Storing large amount of boolean data in python

Question

I need to store sparse matrix data. Size of data is 10^6 10^4 columns. In each column I store a vector of 0's except of few values where it's true.

Then I need to sum over columns in each matrix, and multiply each row with a scalar. I tried dictionaries, but they fail when I need to sum, and multiply.

What would You use?

PS. numpy.zeros is too small

Answer 1

Depending on your needs, there are literally hundreds of methods to do this. The Sparse Matrix entry on Wikipedia is a good start to figure a method that applies specifically to your needs.

As an extremely simple example, you could use a Dictionary of Keys class like this:

class SparseDOK(dict):

    def __init__(self):
        pass

    def __setitem__(self,key,value):
        if value in[0,0.0,False,None]:
            dict.__setitem__(self,key,False)
            dict.__delitem__(self,key)
        else:
            dict.__setitem__(self,key,True)

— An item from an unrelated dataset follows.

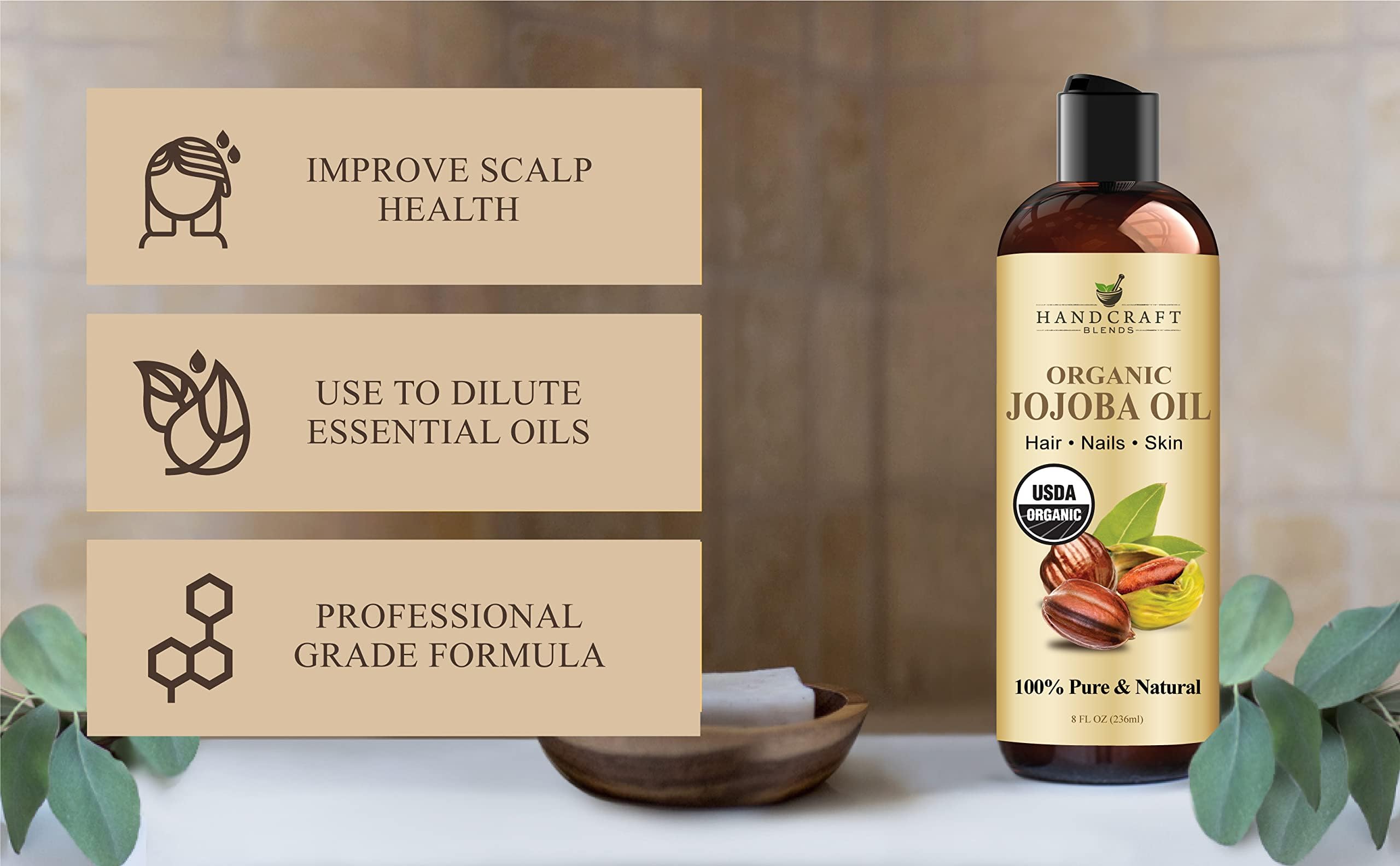 Handcraft Blends USDA Organic Jojoba Oil | Cold-Pressed | 8 Fl Oz | 100% Pure & Natural | for Hair, Skin & Face | Premium Grade Carrier Oil | for Massage & Aromatherapy | Hexane-Free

    def __getitem__(self, key):    
        try: 
            return dict.__getitem__(self, key)

        except KeyError: 
            return False


>>> dok=SparseDOK()
>>> dok[10,20]=55
>>> print dok
{(10, 20): True}
>>> print dok[10,20]
True
>>> print dok[55,300]      
False
>>> dok[10,20]=False
>>> print dok[10,20]
False

Every entry in an arbitrary 'matrix' is assumed to be False, unless specifically set to True. You would need to add error checking, but this will be very compact and fast.

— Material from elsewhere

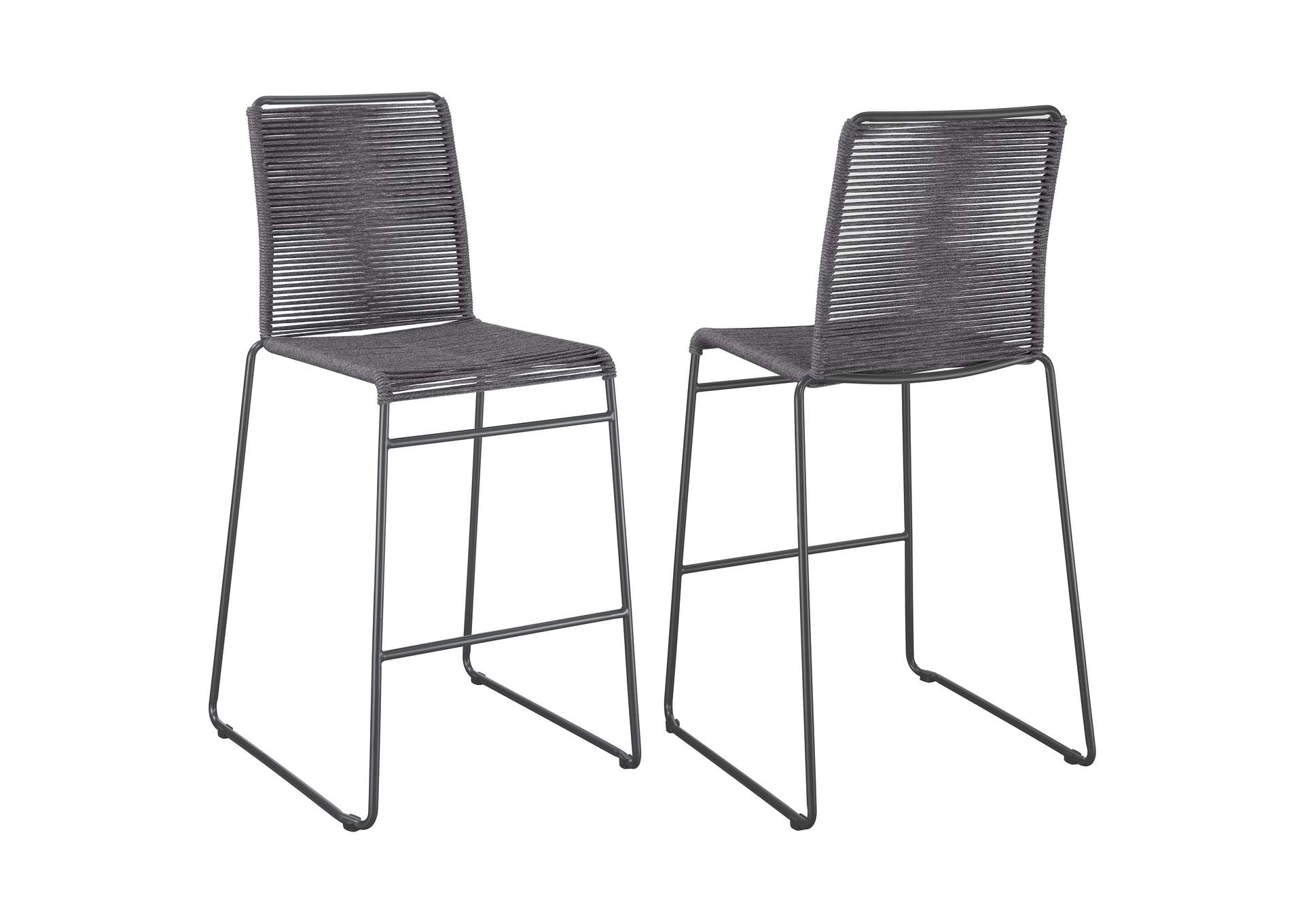 Kai Upholstered Bar Stools with Footrest (Set of 2) Charcoal and Gunmetal,Coaster Furniture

The advantage of constructing a Dictionary of Key is very efficient construction of the data structure. You only need to go through the original data once and you can easily add or delete data. The disadvantage is less interactive processing of the matrix once you have constructed it.

Since the dictionary keys are tuples, it is trivial to add the indices by row or column. Since the entire matrix would need to be processed after construction to do this, we can just construct a dict with whatever sum or product is desired once and then refer to that dict of processed data.

>>> dok[10,20]=True
>>> dok[10,2000]=True
>>> dok[11,2000]=True
>>> dok[35000,2000]=True
>>> dok[10,35000]=True
>>> print dok
{(11, 2000): True, (10, 2000): True, (35000, 2000): True, (10, 20): True, (10, 35000): True}
cols={}
for tup in dok.keys():
    if tup[1] not in cols:
        cols[tup[1]]=1
    else:
        cols[tup[1]]+=1    

>>> print cols
{2000: 3, 35000: 1, 20: 1}

Now you can refer to the col key in cols for the sum of the rows by col. It is trivial to add product, etc. Just remember you need to recalculate the sums / products if the original DOK is edited or changed. You could keep a running total if you anticipate that the DOK would change often after it was first created.

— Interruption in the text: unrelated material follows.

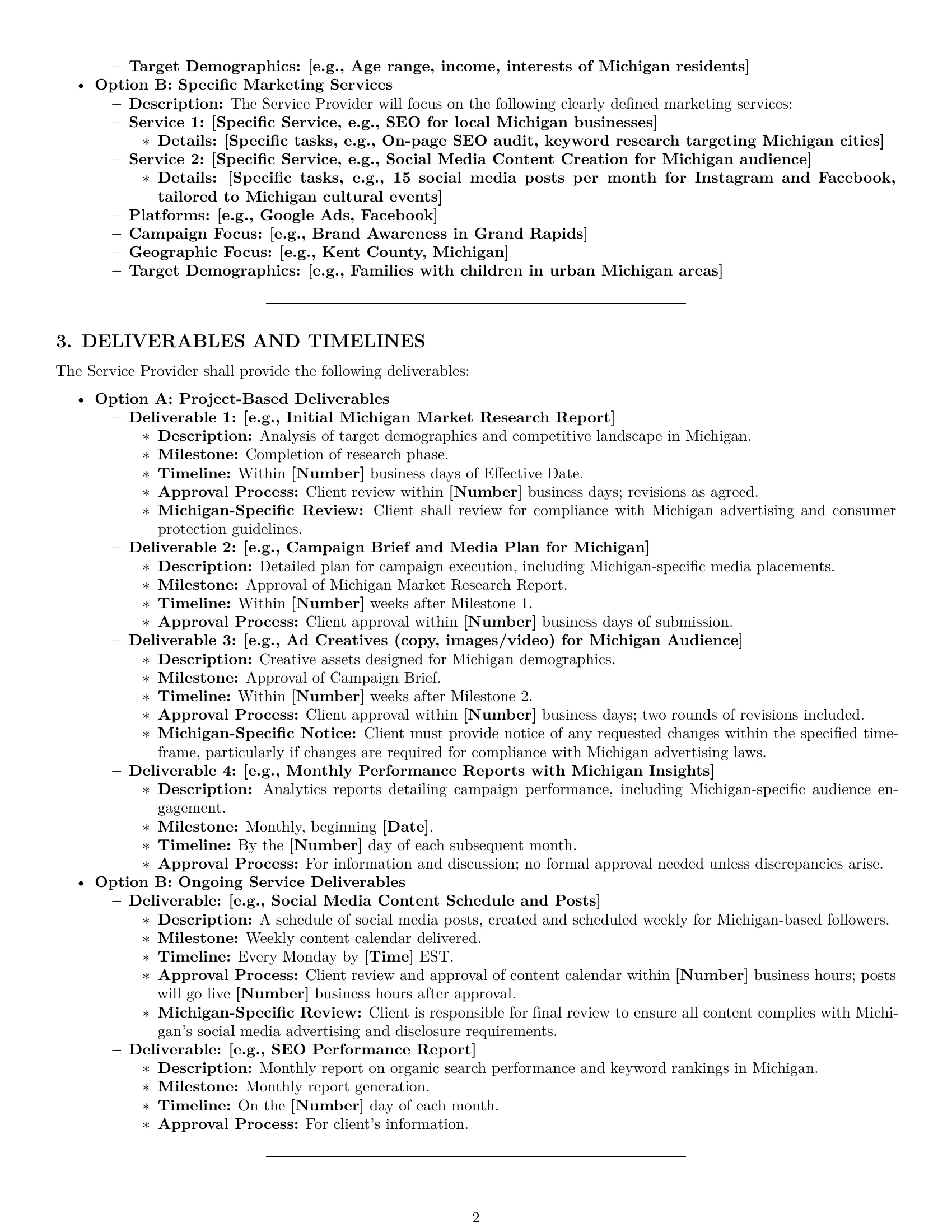 Preview page 2 of Pro Michigan marketing service contract template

If your needs are more complex, consider using SciPy or Pysparse. As you can see, there are 7 different sparse matrix format in SciPy. Don't reinvent something the others have already done better...

Answer 2

How about two dicts? Assuming this is the matrix (x for True):

   0  1  2  3  4  5  6  7
0  x     x        x 
1     x
2                       x
3              x
4
5
6        x        x
7

You'd only need to store

rows = {0: [0, 2, 5], 1: [1], 2: [7], 3: [4], 6: [2, 5]}

You could easily transform this into

columns = {0: [0], 1: [1], 2: [0, 6], 4: [3], 5: [0, 6], 7: [2]}

using something like

columns = {}
for row in rows:
    for column in rows[row]:
        columns.setdefault(column, []).append(row)

and then sum over columns (sum(1 for x in column[2])) or over rows and multiply the result with whatever you want.

Answer 3

As others have mentioned, you should look at scipy.sparse:

http://docs.scipy.org/doc/scipy/reference/sparse.html

There are a bunch of different formats that are optimized for various sparse operations including scalar multiplication and summation.

For example:

import scipy.sparse
import numpy as np

rows = np.array([1,100,1000])
cols = np.array([100,99,1474])
vals = np.ones_like(rows)

A = scipy.sparse.coo_matrix((vals,(rows,cols)),shape=(int(1E6),int(1E6)),dtype=np.bool)

Then to multiply by a scalar and take sum:

B = 3*A
B.sum() # 9